Powell’s book has been in print continuously ever since it was first published in 1971, and has done untold harm. After publication, the “cookbook”  quickly became a very popular ornament for young guys who wanted an edgy coffee table book with which to impress their friends. Fortunately, probably not one in ten ever read it, probably not one in twenty ever tried its lousy drug recipes (e.g., for “bananadine”–a “drug” derived from banana peels), and probably not one in a hundred ever tried its explosives recipes.

Still, it was a constant irritant to actual anarchists. Year after year, decade after decade, it reinforced the stereotype that anarchists are violent morons with no coherent political philosophy.

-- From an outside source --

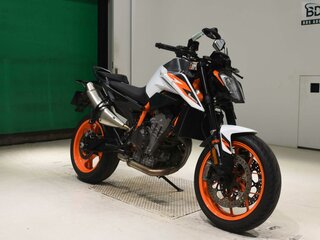 2021 KTM 890 Duke R, белый, 785000 рублей, вид 3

Worse, the FBI began using the book to entrap naive political activists. They’d give a copy of the book to their victims, or have the victims buy it, and then use the book as evidence in trumped-up terrorism cases. This use of the Powell book accelerated drastically after 9/11, with set-up victims being both Muslims and leftist political activists. A case in point is the 2012 “Cleveland Five” case, in which the FBI used the book as part of its entrapment of five young, homeless guys at Occupy Cleveland, who it had enticed with a place to stay, hot showers, and food. As a result of this FBI-orchestrated “plot,” which prominently featured the Powell book, the “Cleveland Five” received sentences ranging from eight years and one month to eleven-and-a-half years.

That was the situation that faced us when Keith and I began talking about producing a real anarchist cookbook two years ago. Anarchists had been talking about producing such a book for decades, but nothing ever came of it, and it had become obvious that if we didn’t write, and See Sharp Press didn’t publish, a real anarchist cookbook, no one else was likely to do so. (There are a few PDF food recipe “books” around under the name, but no other physical books.)

We decided to go considerably beyond food recipes in our new “cookbook.” We decided that we’d include the following: 1) Accurate information on the nature of anarchism; 2) A section on why use of violence is almost always a self-defeating political tactic; 3) A section on nonviolent political activism, both from a theoretical and practical standpoint; 4) An evaluation of all common social change tactics and approaches; 5) A how-to section detailing ways of putting those tactics and approaches into practice; 6) A section on the nuts and bolts of political organizing; 7) A section on food politics; 8) Vegan recipes for both large and small groups; and 9) A lengthy bibliography, to give those interested in further study a handy jumping-off point.

To put this another way, we decided to write an antidote to the Powell book, a book that would do good rather than harm.

We think we succeeded. We hope you’ll agree.